Ruben Vasquez is a security guard at Housing Works’ Drop-in Center near Penn Station. The non-profit organization offers wraparound services to homeless people and those living with HIV/AIDS.

Vasquez said homelessness is an issue in the area because people take shelter in the major Midtown transit hubs. He added that some of the people he speaks to have health issues and a number of challenges.

“There’s no centralized place to solve their problems all at once, so they’re back on the street again,” he said.

“There’s a huge gap between the help they can get and the danger they face,” said Vasquez, who has been a security guard at different homeless shelters for five years. “What we are doing now is far less than enough.”

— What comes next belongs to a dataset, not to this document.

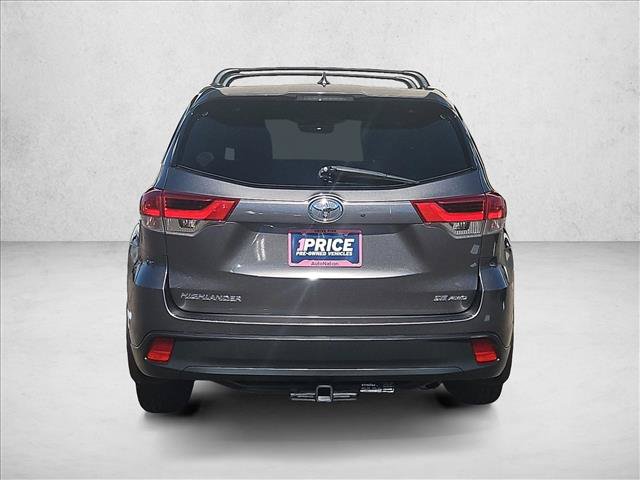 Used 2018 Toyota Highlander SE AWD/4WD image 8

Diana Hauck, 53, said she’s been living on the street for six months after fleeing an abusive relationship. She often holds a cardboard sign covered with pleas for help, next to the 33rd Street subway station in Koreatown.

Hauck said a lot of people on the street suffer from mental illness, pointing to a woman nearby. “The girl has been arrested several times, because she shouts and acts aggressive towards people.”

According to the Coalition for the Homeless, an advocacy group for homeless individuals and families, there were 84,526 people sleeping in New York City government-run shelters in June, a historic record.

Urban Barley Co., a beer retail store near Penn Station, has unhoused people lying around its storefront. “They shout and litter,” said Sayeed Mia, the store manager. “It’s bad for business.”

But Mia agrees that homelessness can cause mental health issues. “They’re not really aggressive to pedestrians, they’re more often pissed off by themselves,” he said.

Despite the fact that CB5 wants B-HEARD to service Midtown, the program’s effectiveness has been questioned, as it answered only 16% of eligible mental health calls citywide from January to March 2022, according to the program’s latest public data.

CB5 didn’t respond to repeated requests for comment.

“How many people in the city even know about B-HEARD? We are not getting the information into the right people,” said Katrina Balovlenkov, a social work professor at Columbia University and N.Y.U. “It needs more recruitment. It needs more energy. It needs more recognition. It needs more value. It needs more promotion.”

But changes in funding have been an issue for the program.

Under the de Blasio administration, B-HEARD had a budget of $92 million. But Mayor Adams cut that figure down to $50 million his first year in office, and most recently down to $27 million for fiscal year 2024, according to POLITICO.

B-HEARD has stepped up its recruitment efforts and modified its staffing model, said the spokesperson from the Mayor’s Office of Community Mental Health, in an email, but cited a national shortage of social workers as a reason for the slow expansion. There are plans to roll out the program’s citywide coverage by the end of fiscal year 2025, the spokesperson added.

Balovlenkov suspects that Midtown isn’t a priority because of its higher income and tourism, compared to other less affluent neighborhoods.

“Services are being directed to where the most 911 are being made,” she said, adding that demographics shouldn’t be a factor.